Let me first take mention that if you have never read anything from me or listened to the podcast, the word bonus is what we use instead of ‘step.’ We have read fairy tales of wicked stepmoms and the word ‘step’ was such a confusing word because I was not sure if it was a step in the right or wrong direction. When I first heard someone (still have no idea where I first heard of this concept) say ‘bonus’ instead of step, I was totally on board.

My personal legacy of what I want the kids to say about me when I have gone to my resting place is, that they knew I loved them.

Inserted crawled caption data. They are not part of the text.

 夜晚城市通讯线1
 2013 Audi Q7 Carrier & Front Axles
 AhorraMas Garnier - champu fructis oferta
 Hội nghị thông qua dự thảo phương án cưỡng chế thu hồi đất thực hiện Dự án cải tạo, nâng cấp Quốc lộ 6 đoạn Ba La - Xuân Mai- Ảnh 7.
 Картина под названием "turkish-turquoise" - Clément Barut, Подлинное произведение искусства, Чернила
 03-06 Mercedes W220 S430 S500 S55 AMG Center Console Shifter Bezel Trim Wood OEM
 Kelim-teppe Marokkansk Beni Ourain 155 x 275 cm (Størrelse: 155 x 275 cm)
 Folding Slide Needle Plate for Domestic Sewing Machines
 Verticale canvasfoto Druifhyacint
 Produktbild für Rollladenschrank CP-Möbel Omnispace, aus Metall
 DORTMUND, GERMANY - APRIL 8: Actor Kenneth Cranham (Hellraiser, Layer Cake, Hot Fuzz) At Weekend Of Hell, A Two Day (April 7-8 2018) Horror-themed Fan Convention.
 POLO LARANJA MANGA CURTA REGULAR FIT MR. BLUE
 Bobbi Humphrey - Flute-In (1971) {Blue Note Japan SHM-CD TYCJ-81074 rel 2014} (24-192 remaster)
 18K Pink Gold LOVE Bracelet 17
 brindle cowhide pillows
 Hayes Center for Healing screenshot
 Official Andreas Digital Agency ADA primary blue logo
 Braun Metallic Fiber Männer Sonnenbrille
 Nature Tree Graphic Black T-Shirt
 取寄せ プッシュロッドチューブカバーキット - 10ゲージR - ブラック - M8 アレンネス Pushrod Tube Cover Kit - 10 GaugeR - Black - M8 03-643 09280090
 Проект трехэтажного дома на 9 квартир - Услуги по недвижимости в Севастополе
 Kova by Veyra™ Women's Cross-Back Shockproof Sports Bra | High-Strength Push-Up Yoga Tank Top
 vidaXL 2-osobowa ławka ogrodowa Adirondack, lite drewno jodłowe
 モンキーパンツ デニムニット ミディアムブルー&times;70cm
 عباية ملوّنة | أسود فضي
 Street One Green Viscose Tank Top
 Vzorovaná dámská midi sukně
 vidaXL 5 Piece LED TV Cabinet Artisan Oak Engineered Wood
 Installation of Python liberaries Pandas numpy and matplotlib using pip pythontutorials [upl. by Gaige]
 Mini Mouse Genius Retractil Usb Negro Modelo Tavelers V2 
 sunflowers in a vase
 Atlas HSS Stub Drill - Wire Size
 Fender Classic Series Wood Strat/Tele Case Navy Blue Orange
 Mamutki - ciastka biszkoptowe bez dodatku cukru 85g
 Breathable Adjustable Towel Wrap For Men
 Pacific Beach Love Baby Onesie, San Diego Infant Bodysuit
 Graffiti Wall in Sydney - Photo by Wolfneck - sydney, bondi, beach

When Betsy (currently age 20) was 16 and first learning how to drive a stick shift car, she asked if I would help her learn to drive. She might not have ever asked me to do this if we had not built any kind of relationship. When it was time to propose to Ann (Betsy’s mom) I asked to have a coffee date with Betsy to get her permission to ask to marry her mom. Oh, and yes, I made the call to Ann’s parents to get their permission too.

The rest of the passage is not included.